The suspected militant, identified as Syrian national "Luia Sakra," was due to appear in an Istanbul court on Thursday, courthouse sources said.
Judges on Wednesday ordered the arrest of another Syrian national brought to the court on charges he is Sakra's courier, the sources said.
Police earlier on Wednesday denied news reports that at least 10 al Qaeda-linked militants had been detained while planning attacks on foreign-flagged ships.
"The news reports that al Qaeda members have been caught with C-4 explosives as they prepared attacks on several foreign ships in the southern provinces are completely wrong and ill-intentioned," police headquarters said in a statement.
Private news channel NTV said that the group was gathering information on synagogues in Turkey as well as on Israeli ships to prepare for attacks.
It said the suspects were detained in Turkey's largest city of Istanbul and in the Mediterranean tourism hub of Antalya.

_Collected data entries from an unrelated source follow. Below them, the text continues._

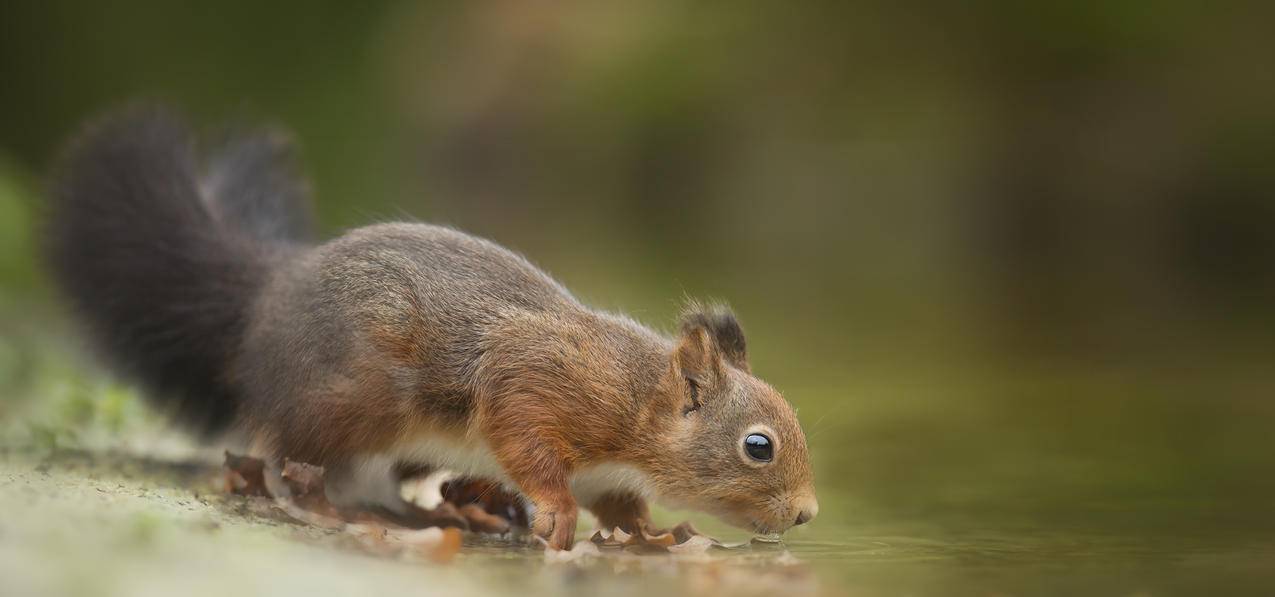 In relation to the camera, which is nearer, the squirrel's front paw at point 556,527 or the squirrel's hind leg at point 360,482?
the squirrel's front paw at point 556,527

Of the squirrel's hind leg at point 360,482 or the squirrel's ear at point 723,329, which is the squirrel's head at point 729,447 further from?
the squirrel's hind leg at point 360,482

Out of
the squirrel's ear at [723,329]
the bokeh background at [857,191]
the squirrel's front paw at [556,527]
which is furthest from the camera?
the bokeh background at [857,191]

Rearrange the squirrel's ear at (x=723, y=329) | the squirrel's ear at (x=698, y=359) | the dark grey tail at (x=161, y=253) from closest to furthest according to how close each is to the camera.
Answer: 1. the squirrel's ear at (x=698, y=359)
2. the squirrel's ear at (x=723, y=329)
3. the dark grey tail at (x=161, y=253)

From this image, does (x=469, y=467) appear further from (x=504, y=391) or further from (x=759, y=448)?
(x=759, y=448)

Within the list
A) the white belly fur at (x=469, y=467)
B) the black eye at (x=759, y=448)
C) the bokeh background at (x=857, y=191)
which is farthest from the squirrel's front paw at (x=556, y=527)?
the bokeh background at (x=857, y=191)

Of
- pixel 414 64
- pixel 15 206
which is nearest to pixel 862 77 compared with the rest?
pixel 414 64

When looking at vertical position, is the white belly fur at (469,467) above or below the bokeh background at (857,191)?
below

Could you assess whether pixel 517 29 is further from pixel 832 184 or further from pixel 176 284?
pixel 176 284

The reports followed remarks by Israel's counter-terrorism chief who on Tuesday said Turkey had caught al Qaeda-linked militants who were planning attacks against foreign tourists.
Israel this week diverted four cruise shops from Turkey to Cyprus and urged its citizens to avoid Turkey's popular southern coast, citing "concrete and grave terror threats" against them.
Security sources said Sakra, considered an expert bomb maker, had undergone plastic surgery and was attempting to fly to Istanbul under an assumed name for a second operation. He arrived in Diyarbakir from Antalya.
Sakra is thought to be responsible for al Qaeda's cells in Turkey and to have played a key role in bombings in Istanbul in November 2003 that killed more than 60 people.
A Turkish al Qaeda cell claimed responsibility for those attacks, which struck two synagogues, the British consulate and London-based HSBC bank in one of Turkey's worst episodes of peacetime violence.
Turkey has been on edge after a series of small and medium-sized bombings in recent weeks that have been blamed largely on Kurdish separatists.
Groups linked with the banned Kurdistan Workers Party (PKK) have claimed responsibility for two bombings in Aegean Sea tourism resorts last month, including one in which five people, including two foreign tourists, were killed.
Islamist militants, Kurdish separatists and left-wing radicals are all active in Turkey, the only mainly Muslim candidate for European Union membership.
The word terrorist is not used at all.
Go figure.
I know what you mean. It drives me up the wall, but what ya gonna do, I just substitute TERRORIST for militant in my mind.
The word militant can refer to any individual engaged in warfare, a fight, combat, or generally serving as a soldier. [b]Journalists often use militant as a purportedly neutral term for violent actors who do not belong to an established military.[/b] Typically, a militant engages in violence as part of a claimed struggle for achievement of a political goal.